Where can you find white thirty-somethings lined up to bag your groceries? (Besides Tiburon.)
Trader Joe’s! Yes, you, with the MFA! Grab a Hawaiian shirt and join the grocery chain that sounds like it was named after a sex trafficker.
Here be treasure in delightfully-priced little packages. $7.99 for coffee – good coffee! $2.99 for real Camembert! They even have their own wine, their very own cheap wine!
But, you don’t NEED to shop at Trader Joe’s, asserts somebody at church. They have EXACTLY the same things at Aldi for EVEN LESS!
There’s an Aldi in my neighborhood. It’s certainly… German. The first time I went, my daughter was a toddler. It was late fall (drizzling!), and I had her in one hand and my reusable bags in the other. When I got to the carts, I realized they were chained together and I needed a quarter to “rent” one.
Another woman was returning her cart and saw me with my baby. As I rummaged in my purse, she said, “Do you need a quarter?” She took it out of her cart and held it out toward me. As I was thanking her, she changed her mind and pocketed it. “This is my lucky quarter,” she explained.
Cartless, and downtrodden, I went into the store. I wasn’t even looking at the prices because I was too distracted by the “Designer Impostor-ness” of the merchandise: “Lundt Chocolate Truffles” and “Pressed Oat Snack Bars” displayed in their own cardboard shipping cartons. Unlike a German store, the floor was a little gritty, and the employees were not making a living wage. I felt punished for my years of suburban consumerism.
I wanted to walk right out, but even that wasn’t possible. I had to exit through a check stand, only wide enough to fit eins Wagen! That meant waiting in a checkout line with a little kid. She was savvy enough to grab hold of a plastic satchel of faux Legos, so I bought it (for 2.99), but we donated it after a few weeks because instead of interlocking, they just “interfit,” making unbelievably unstable structures.
Yesterday, I was in Aldi again – “The short name saves you $$!” – shopping for cheese. Someone I know* insisted they had the same cheese at Aldi that they had at Trader Joe’s! Sure, they had cheese… But would I want it…? Nope.
*You know who you are.
This time, with my second kid in tow we escaped with just 2 packs of breath mints. I beat a path back to Trader Joe’s, where I found my cheese, just as nature intended: fair-trade and wrapped in smugness. Trader Joe’s! How I’ve missed you! Let me tell you how bad your brother has been…
Aldi’s website has justifications for every complaint an American shopper can think of like, “Why are your hours so crappy?” (Being open more convenient hours would drive up prices!) and “Why don’t you have any bananas when you had bananas last week?” (Don’t get too comfortable – my italics – with your shopping list. Grab it now because it could be gone tomorrow.)

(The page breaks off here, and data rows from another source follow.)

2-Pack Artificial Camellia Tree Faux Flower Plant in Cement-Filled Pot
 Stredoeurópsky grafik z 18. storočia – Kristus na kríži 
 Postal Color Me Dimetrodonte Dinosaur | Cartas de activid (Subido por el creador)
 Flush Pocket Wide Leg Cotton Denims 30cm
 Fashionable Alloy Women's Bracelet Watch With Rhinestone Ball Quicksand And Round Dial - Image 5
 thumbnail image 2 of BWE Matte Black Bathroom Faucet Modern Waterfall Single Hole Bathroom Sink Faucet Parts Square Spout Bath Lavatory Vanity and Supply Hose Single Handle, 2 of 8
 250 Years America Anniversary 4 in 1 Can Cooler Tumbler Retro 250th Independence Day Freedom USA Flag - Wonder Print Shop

Don’t worry, they have an off-brand comedian to explain it to you. (I’m sorry, he’s not a comedian, he’s a “funny man.” – Another way Aldi lowers prices!)
They’re the same in much the way the Wiggles and Judas Priest are both musical acts. Trader Joe’s is an indulgence. Aldi is where you go when you’re fresh out of options and have just one lucky quarter.